§ SUPPLIED INFORMATION:
>>>>>
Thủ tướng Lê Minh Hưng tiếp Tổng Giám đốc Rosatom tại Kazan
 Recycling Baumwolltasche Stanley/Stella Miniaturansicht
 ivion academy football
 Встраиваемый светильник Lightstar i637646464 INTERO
<<<<<
§ WHAT IS NEEDED: All the material, top to bottom: write it out again precisely.

§ RESULT:
Thủ tướng Lê Minh Hưng tiếp Tổng Giám đốc Rosatom tại Kazan
 Recycling Baumwolltasche Stanley/Stella Miniaturansicht
 ivion academy football
 Встраиваемый светильник Lightstar i637646464 INTERO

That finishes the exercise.